■ Directions: Go through the listing below and gather every line with the word "Leather".

■ Exercise inputs:
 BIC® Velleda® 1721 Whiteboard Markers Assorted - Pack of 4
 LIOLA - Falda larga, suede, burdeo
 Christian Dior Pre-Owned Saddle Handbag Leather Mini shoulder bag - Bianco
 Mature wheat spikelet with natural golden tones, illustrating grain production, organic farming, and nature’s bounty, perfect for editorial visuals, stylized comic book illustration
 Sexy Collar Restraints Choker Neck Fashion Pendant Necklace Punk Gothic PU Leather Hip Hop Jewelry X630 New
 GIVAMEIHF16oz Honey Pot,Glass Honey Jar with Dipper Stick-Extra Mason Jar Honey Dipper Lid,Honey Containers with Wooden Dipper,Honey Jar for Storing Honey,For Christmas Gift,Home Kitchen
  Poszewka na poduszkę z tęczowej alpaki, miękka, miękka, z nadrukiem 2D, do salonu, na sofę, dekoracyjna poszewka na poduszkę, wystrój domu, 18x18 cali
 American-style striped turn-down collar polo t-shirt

■ Result for this task:
 Christian Dior Pre-Owned Saddle Handbag Leather Mini shoulder bag - Bianco
 Sexy Collar Restraints Choker Neck Fashion Pendant Necklace Punk Gothic PU Leather Hip Hop Jewelry X630 New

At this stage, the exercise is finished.